Why would one take a "break"? I can understand an occasional vacation, or a recovery period perhaps, but a "break"? Let's be honest, almost no one returns from a break, it is simply human nature. Even if you actually intended and believed it was only going to be a break most likely it will be an end.
Nearly two thousand years ago in the Jerusalem Talmud, also known among scholars as the "Palestinian Talmud" (written before Islam was created and before the Arab invasion of the Land of Israel thus the Arabs of today have no right to claim anything "Palestinian") it is written
יום תעזבִינִי ימים אעזבֵךְ ,בתלמוד הירושלמי (ברכות יד ד)
"Leave me for one day I will leave you for two days" (Jerusalem Talmud, Tractate Brachoth, 14, 4) (Oh, I nearly forgot, UNESCO determined that we have no historical connection to Jerusalem, and UN voted it "illegal" for the USA to have their embassy there.)
What this means is that if you "take a break" from something for one day, that activity will take a break from you for two days, i.e. it will run away from you.

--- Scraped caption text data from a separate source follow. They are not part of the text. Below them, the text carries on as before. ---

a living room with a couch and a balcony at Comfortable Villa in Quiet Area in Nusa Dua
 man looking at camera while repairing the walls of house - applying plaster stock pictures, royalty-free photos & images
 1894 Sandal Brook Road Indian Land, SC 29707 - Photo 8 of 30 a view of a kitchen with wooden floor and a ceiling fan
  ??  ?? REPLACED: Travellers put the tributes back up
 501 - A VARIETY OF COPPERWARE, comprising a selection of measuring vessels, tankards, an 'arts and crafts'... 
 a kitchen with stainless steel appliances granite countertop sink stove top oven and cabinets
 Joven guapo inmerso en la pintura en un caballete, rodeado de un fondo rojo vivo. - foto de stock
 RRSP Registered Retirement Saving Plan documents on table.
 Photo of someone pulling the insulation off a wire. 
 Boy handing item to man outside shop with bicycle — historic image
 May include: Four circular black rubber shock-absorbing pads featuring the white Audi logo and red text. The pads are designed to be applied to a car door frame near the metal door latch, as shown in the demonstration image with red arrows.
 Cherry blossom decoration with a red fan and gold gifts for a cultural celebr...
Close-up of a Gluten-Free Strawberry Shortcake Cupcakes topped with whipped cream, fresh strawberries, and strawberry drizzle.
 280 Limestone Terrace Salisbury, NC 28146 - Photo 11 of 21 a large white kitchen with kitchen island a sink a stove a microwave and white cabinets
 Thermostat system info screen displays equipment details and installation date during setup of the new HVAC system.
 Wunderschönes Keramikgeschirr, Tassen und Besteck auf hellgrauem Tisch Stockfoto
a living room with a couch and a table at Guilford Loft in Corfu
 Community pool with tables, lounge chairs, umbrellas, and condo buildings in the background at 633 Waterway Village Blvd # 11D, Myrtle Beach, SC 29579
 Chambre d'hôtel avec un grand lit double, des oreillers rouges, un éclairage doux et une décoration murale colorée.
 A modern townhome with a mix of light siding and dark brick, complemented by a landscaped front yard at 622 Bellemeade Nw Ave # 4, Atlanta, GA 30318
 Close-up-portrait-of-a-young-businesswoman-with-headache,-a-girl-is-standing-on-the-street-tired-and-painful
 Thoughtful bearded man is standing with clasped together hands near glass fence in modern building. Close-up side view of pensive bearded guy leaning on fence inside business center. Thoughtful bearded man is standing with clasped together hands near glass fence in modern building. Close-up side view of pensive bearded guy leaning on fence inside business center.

The break will always be longer than you thought. It will be more difficult to return to this activity that you had imagined. The point is don't fool yourself into thinking you are really taking a break, you are not, you are quitting but lying to yourself because you don't have the courage to admit it. You rather "take a break" and then gradually forget about it. This is true now, it was true 2,000 years ago. You are fooling no one.
I recall a martial artist who told his student, "If your right arm hurts, use your left, if you both arms hurt, use your legs. If you don't feel well enough to train, show up and watch." That student was my teacher Itay Gil. I too followed that advice my entire career as a student.
Bruce Lee was injured and could not train, but he did not take a break. He trained in his mind and wrote his classic book, The Tao of Jeet Kun Do.
A "break" is just a polite way of saying "I quit".